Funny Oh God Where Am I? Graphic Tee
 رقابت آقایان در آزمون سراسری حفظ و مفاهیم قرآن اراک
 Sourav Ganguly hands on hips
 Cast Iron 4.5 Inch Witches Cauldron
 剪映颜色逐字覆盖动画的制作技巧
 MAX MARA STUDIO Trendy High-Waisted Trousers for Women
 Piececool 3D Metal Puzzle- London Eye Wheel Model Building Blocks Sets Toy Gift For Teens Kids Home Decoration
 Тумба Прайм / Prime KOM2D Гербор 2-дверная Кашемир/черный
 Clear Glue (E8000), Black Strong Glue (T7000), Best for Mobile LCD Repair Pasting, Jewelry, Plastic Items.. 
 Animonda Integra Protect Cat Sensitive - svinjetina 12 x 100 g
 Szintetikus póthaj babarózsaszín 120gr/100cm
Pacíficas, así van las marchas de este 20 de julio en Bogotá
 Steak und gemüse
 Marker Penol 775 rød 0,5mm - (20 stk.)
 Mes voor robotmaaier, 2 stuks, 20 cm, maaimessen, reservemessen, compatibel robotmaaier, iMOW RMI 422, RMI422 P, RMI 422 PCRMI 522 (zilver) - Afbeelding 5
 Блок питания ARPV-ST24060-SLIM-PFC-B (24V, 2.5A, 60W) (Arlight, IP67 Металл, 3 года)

**Task details:**
All of the records above should be transcribed exactly.

**The completed task:**
Funny Oh God Where Am I? Graphic Tee
 رقابت آقایان در آزمون سراسری حفظ و مفاهیم قرآن اراک
 Sourav Ganguly hands on hips
 Cast Iron 4.5 Inch Witches Cauldron
 剪映颜色逐字覆盖动画的制作技巧
 MAX MARA STUDIO Trendy High-Waisted Trousers for Women
 Piececool 3D Metal Puzzle- London Eye Wheel Model Building Blocks Sets Toy Gift For Teens Kids Home Decoration
 Тумба Прайм / Prime KOM2D Гербор 2-дверная Кашемир/черный
 Clear Glue (E8000), Black Strong Glue (T7000), Best for Mobile LCD Repair Pasting, Jewelry, Plastic Items.. 
 Animonda Integra Protect Cat Sensitive - svinjetina 12 x 100 g
 Szintetikus póthaj babarózsaszín 120gr/100cm
Pacíficas, así van las marchas de este 20 de julio en Bogotá
 Steak und gemüse
 Marker Penol 775 rød 0,5mm - (20 stk.)
 Mes voor robotmaaier, 2 stuks, 20 cm, maaimessen, reservemessen, compatibel robotmaaier, iMOW RMI 422, RMI422 P, RMI 422 PCRMI 522 (zilver) - Afbeelding 5
 Блок питания ARPV-ST24060-SLIM-PFC-B (24V, 2.5A, 60W) (Arlight, IP67 Металл, 3 года)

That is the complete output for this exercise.